(Data block begins)
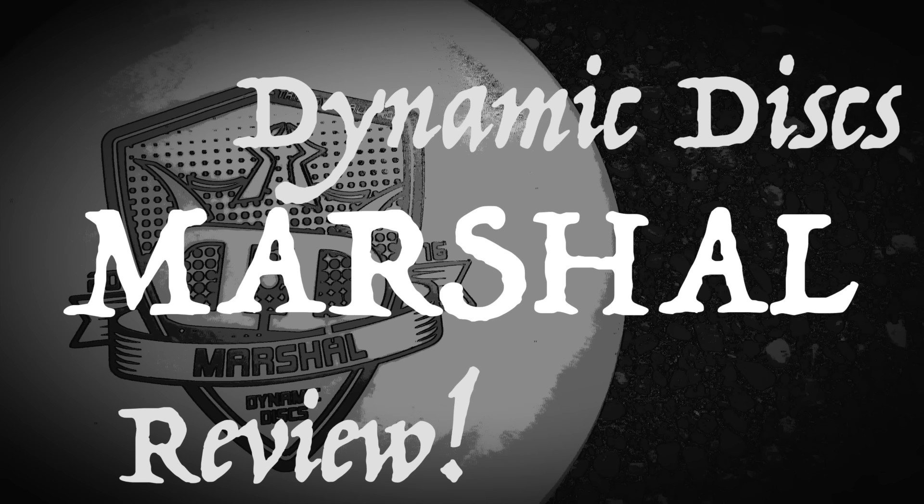What is up guys? Welcome back to Disc Golf Weekly, and this week we're actually going to be doing a three-part series on the 2016 Trilogy Challenge discs. This series was made possible by the awesome people over at Dynamic Discs, so a big, big thank you goes out to them for making this possible. This is going to be part one, and in this video we're going to be reviewing the Dynamic Discs disc for the Trilogy Challenge, the putter called the Marshall.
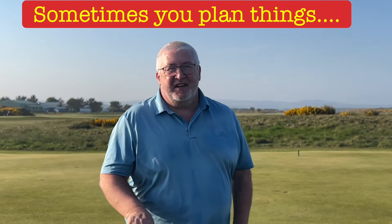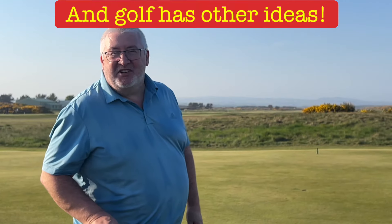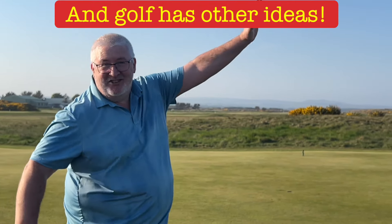Hey, welcome! Today's challenge is a 35-foot chip straight across the green. How many shots to get it in? We're not going until we've done it. Could be one shot, could be a hundred.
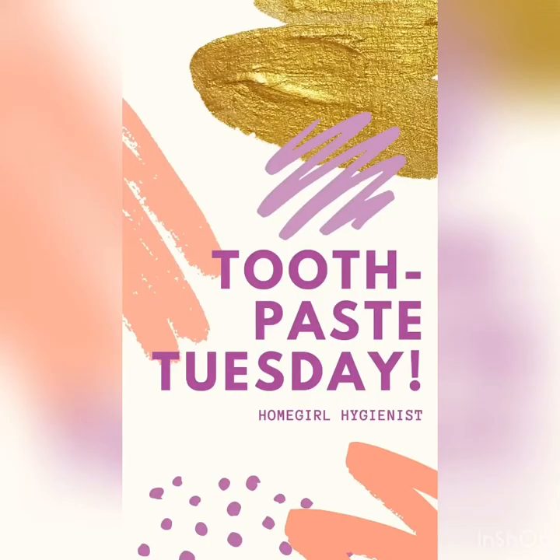It's Tuesday! Today on Toothpaste Tuesday we are going to have a look at the Spotlight Oral Care Toothpaste for Whitening Teeth. Some of you will know that I am a big fan of their product for rebuilding teeth, for thinning or chipped enamel. I was really excited to give this one a try over the last couple of weeks and let you know what I thought of it.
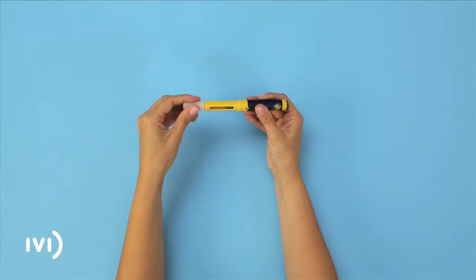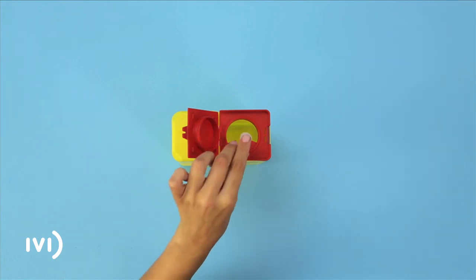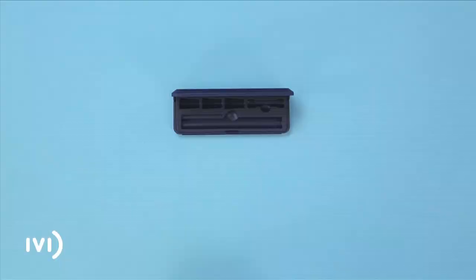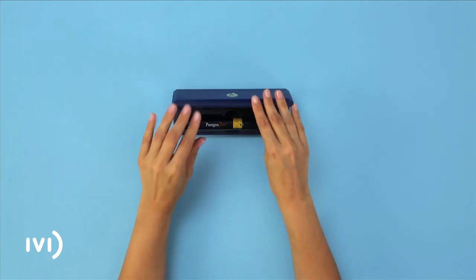Put the external cover back on the needle and unscrew it. Dispose of the syringe in a suitable container or bring it to your nearest IVI clinic. Finally, replace the lid of the pen, put it back in its case and store it in the fridge.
(Data block ends)
■ Work task ■
Give every line above again exactly, with no pictures.

■ Your response ■
What is up guys? Welcome back to Disc Golf Weekly, and this week we're actually going to be doing a three-part series on the 2016 Trilogy Challenge discs. This series was made possible by the awesome people over at Dynamic Discs, so a big, big thank you goes out to them for making this possible. This is going to be part one, and in this video we're going to be reviewing the Dynamic Discs disc for the Trilogy Challenge, the putter called the Marshall.
Hey, welcome! Today's challenge is a 35-foot chip straight across the green. How many shots to get it in? We're not going until we've done it. Could be one shot, could be a hundred.
It's Tuesday! Today on Toothpaste Tuesday we are going to have a look at the Spotlight Oral Care Toothpaste for Whitening Teeth. Some of you will know that I am a big fan of their product for rebuilding teeth, for thinning or chipped enamel. I was really excited to give this one a try over the last couple of weeks and let you know what I thought of it.
Put the external cover back on the needle and unscrew it. Dispose of the syringe in a suitable container or bring it to your nearest IVI clinic. Finally, replace the lid of the pen, put it back in its case and store it in the fridge.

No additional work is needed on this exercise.